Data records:
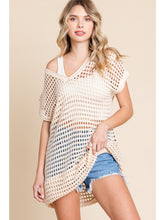 Load image into Gallery viewer, All Natural Netted Cover Up or Dress
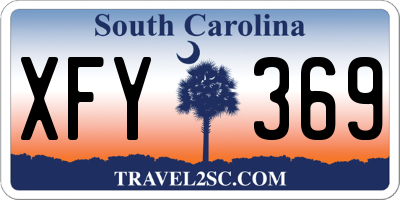 SC license plate XFY369
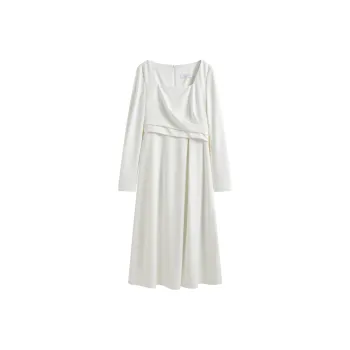 FANSILANEN Long Sleeved Dresses Women's White Moonlight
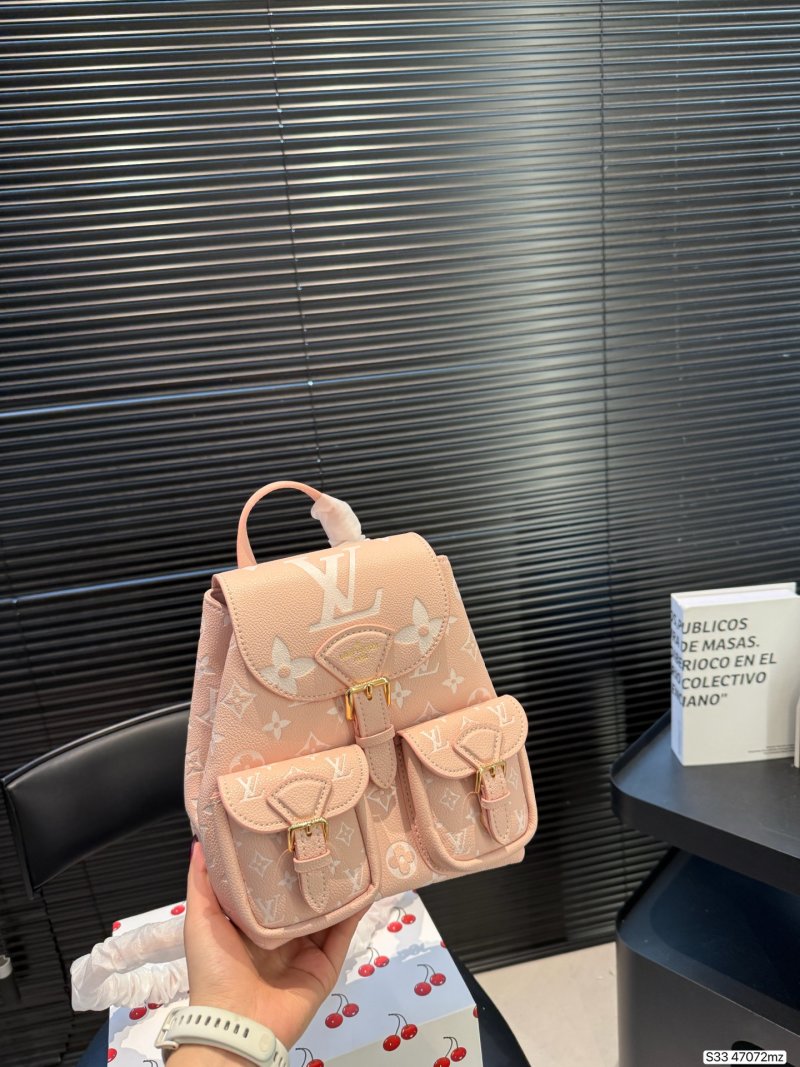Louis Vuitton Monogram Canvas Backpack - Blush Pink view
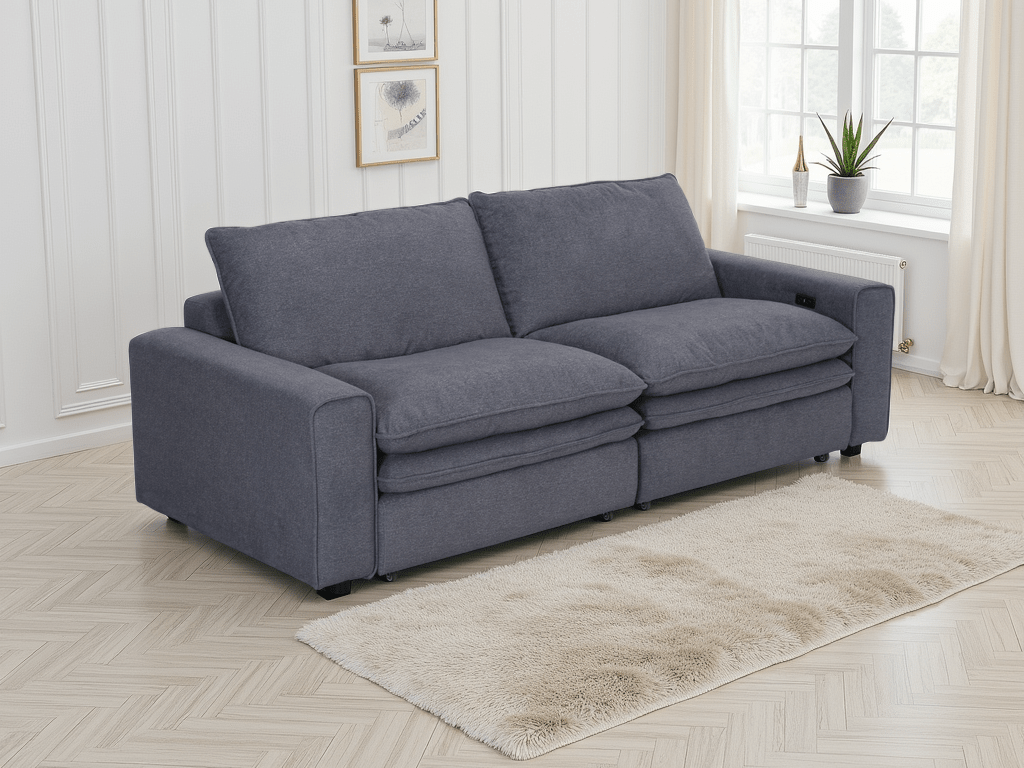Horizon Cloud Grey Electric Sofa - Sofa Sloth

→ Exercise brief
Your copy must hold exactly the lines from the one with "Louis Vuitton Monogram" to the end of the records above, both included, and no pictures.

→ Task solution
Louis Vuitton Monogram Canvas Backpack - Blush Pink view
Horizon Cloud Grey Electric Sofa - Sofa Sloth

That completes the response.